* INPUT DATA:
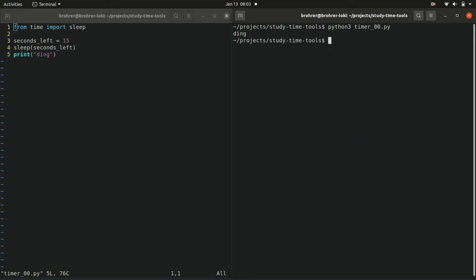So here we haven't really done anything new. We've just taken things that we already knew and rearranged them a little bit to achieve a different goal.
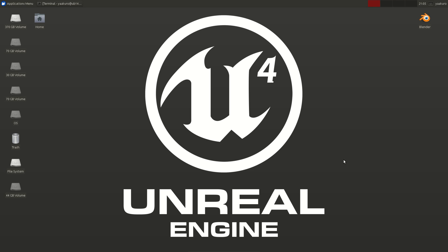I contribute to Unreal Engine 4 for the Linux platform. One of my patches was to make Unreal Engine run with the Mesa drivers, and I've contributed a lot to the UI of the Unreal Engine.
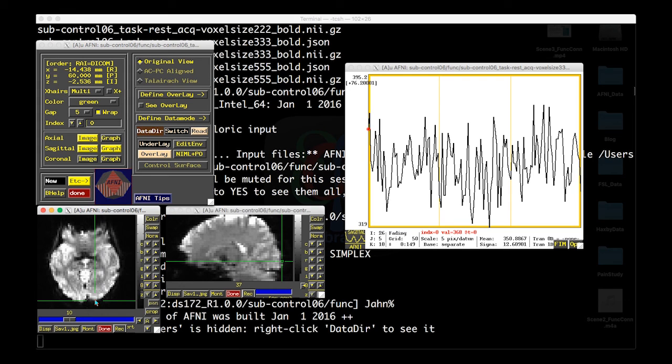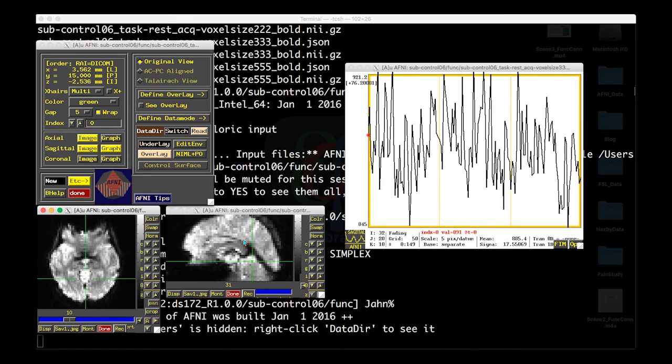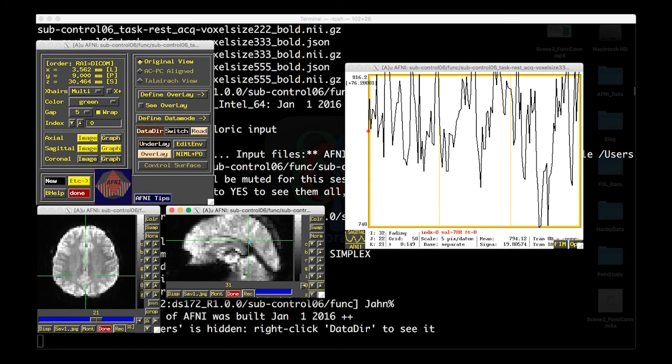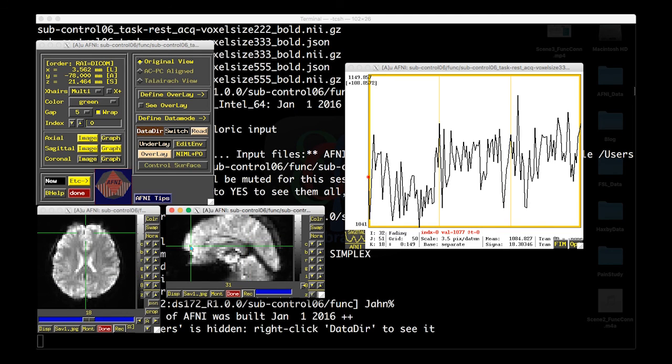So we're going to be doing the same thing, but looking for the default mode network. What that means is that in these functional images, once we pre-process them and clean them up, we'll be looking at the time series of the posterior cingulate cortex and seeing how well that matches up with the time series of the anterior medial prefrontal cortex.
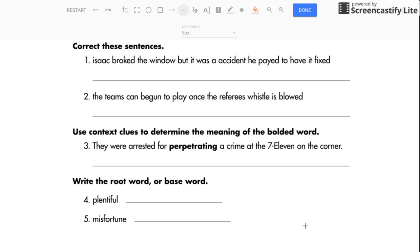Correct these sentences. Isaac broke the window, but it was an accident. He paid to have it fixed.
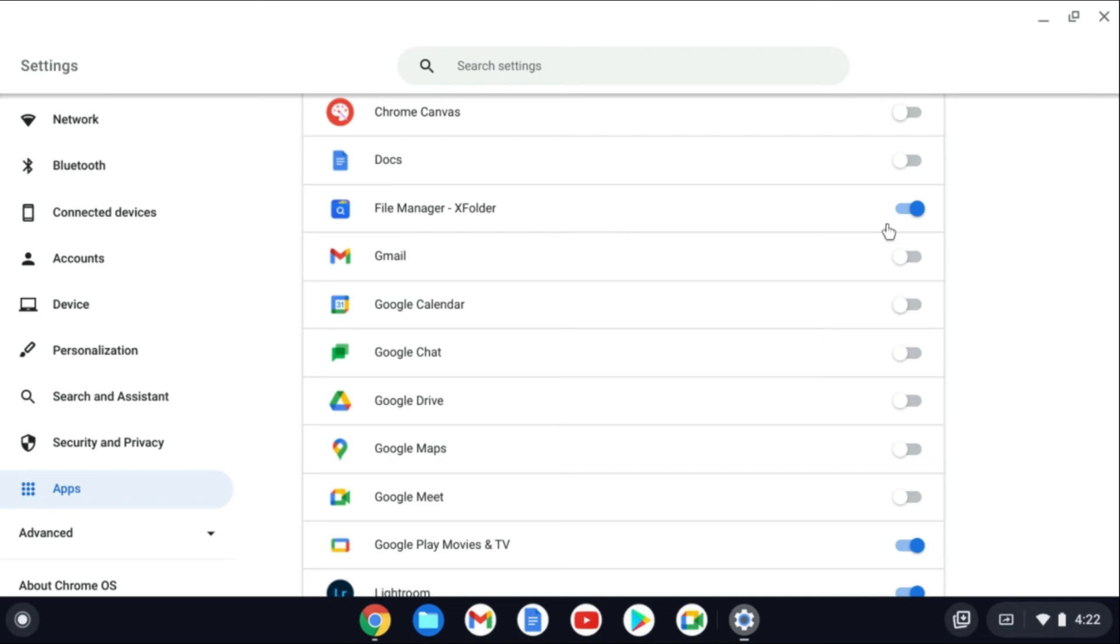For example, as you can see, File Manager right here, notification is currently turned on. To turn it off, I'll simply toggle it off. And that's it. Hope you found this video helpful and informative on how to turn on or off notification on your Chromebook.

* TO DO: What the answer needs is every line from the one containing "Correct these sentences." through the final line of the data above, copied exactly, without pictures.

* FINAL ANSWER:
Correct these sentences. Isaac broke the window, but it was an accident. He paid to have it fixed.
For example, as you can see, File Manager right here, notification is currently turned on. To turn it off, I'll simply toggle it off. And that's it. Hope you found this video helpful and informative on how to turn on or off notification on your Chromebook.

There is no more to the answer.